I recall watching a baseball game earlier this year in which the announcer said that Juan Soto of the Washington Nationals was the youngest player ever to hit a home run at a particular baseball field. I thought to myself: “wow, what an achievement. No, wait a minute, that’s a totally irrelevant stat.” Lots of people had hit home runs at that baseball field. And lots of people had hit home runs at a younger age. The fact that Soto hit a home run at that park at that particular age had no bearing on any future performance or really anything. It was interesting, but a totally meaningless stat.

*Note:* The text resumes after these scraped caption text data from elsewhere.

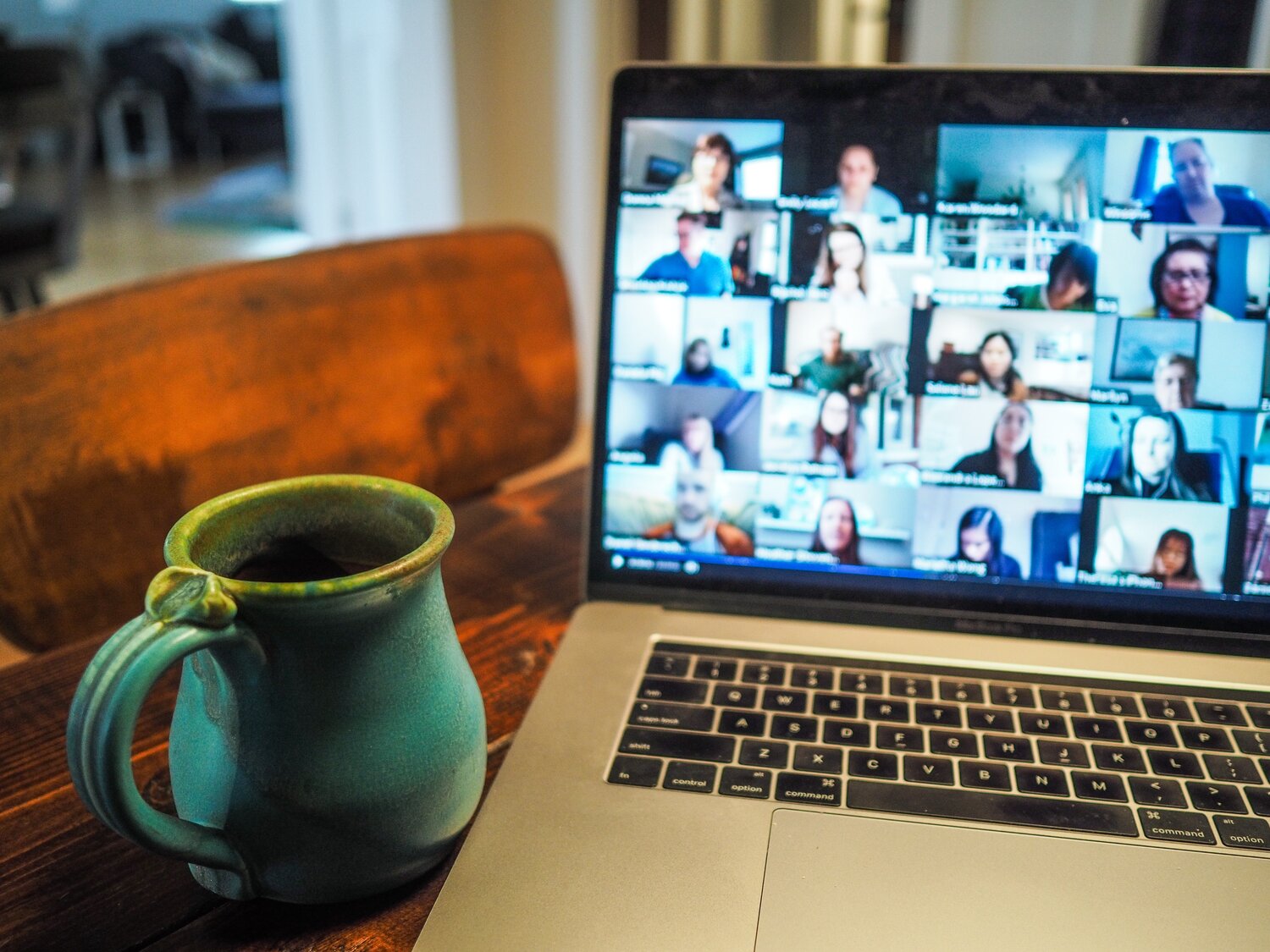 Virtual Confidence is one of Simon's helpful resources for displaying confidence while videoconferencing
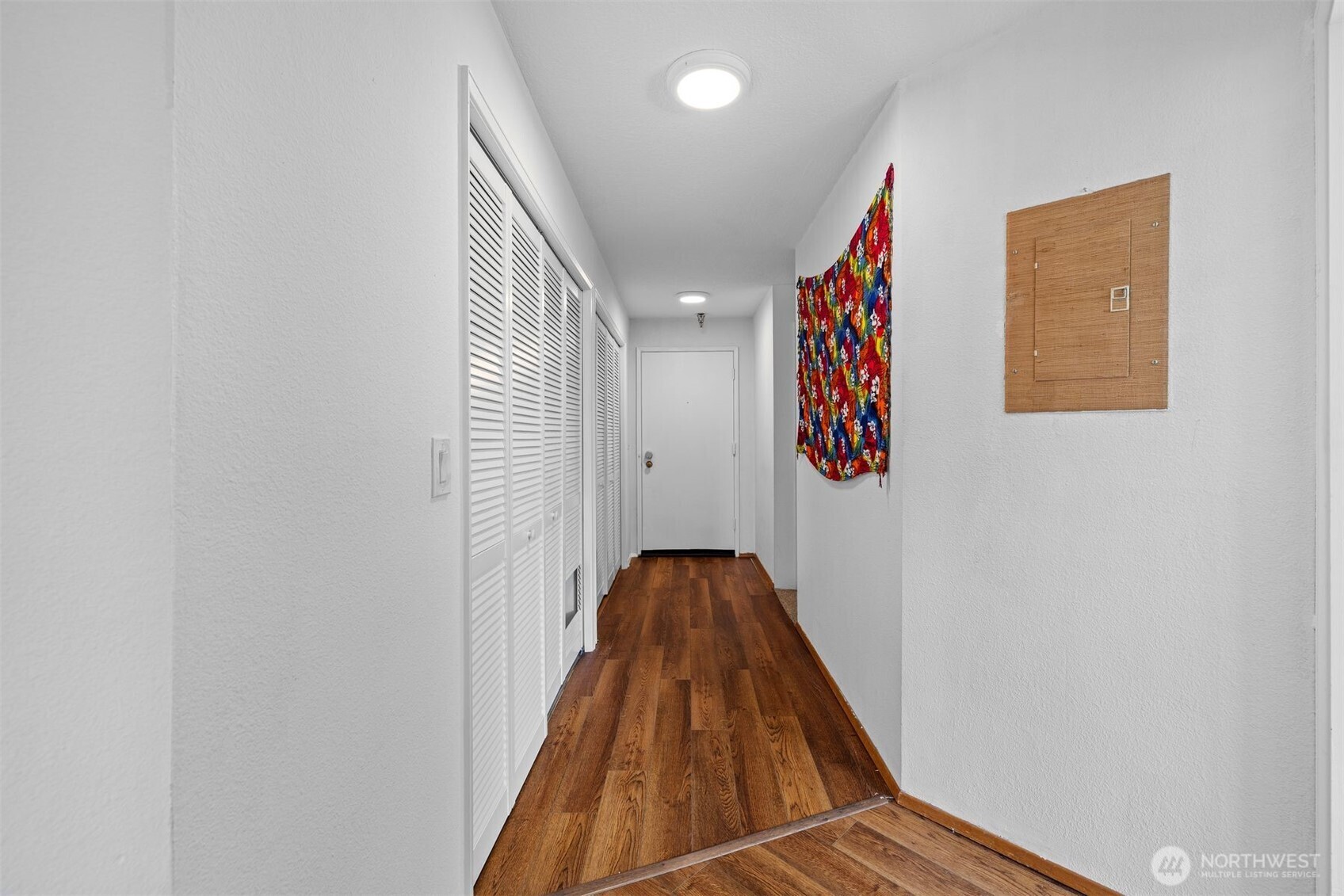 303 13th Avenue E #301, Seattle, WA 98102, photo 2 of 28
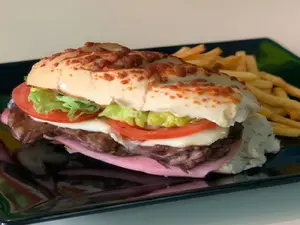 Sándwich De Lomito Completo
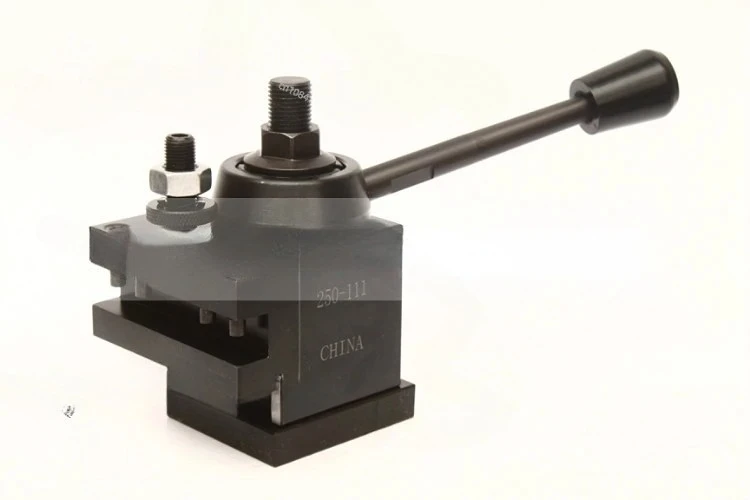 

Signature: 250 wedge-type quick-change tool holder+5 tool holders 251-000 car 111 cutting 222 drilling 333 reaming 444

This happens all the time in sports and finance – someone will spout off a statistic that sounds kind of interesting, but when you think about it some more it actually has no relevance on, well, anything.
On that note – have you heard the amazing news? The current rally is the longest bull market in history clocking in at 3,453 days. Of course, a bear market is defined as a 20% decline so nevermind that the S&P 500 dropped 21.6% intra-day in 2011 because, technically, the max closing decline was just 19.2%. So I guess we don’t get to count that. Also, nevermind that the 20% figure is totally arbitrary. So, we have an arbitrary statistic that was technically breached….The point is, we are masters at creating interesting sounding narratives based on statistics that are mostly meaningless.
To put this in perspective, think of it this way. In the past, I’ve described the stock market as being very similar to a 30-year investment grade bond that has earned about 7.5% per year.¹ If you hold that instrument for 30 years the odds of you losing money are extremely low. This makes sense as corporate cash flows are uneven and can take time to accrue. Add in the fact that the market is constantly trying to predict what those uneven cash flows will look like and the result is a market price that is even more uneven than the actual cash flows.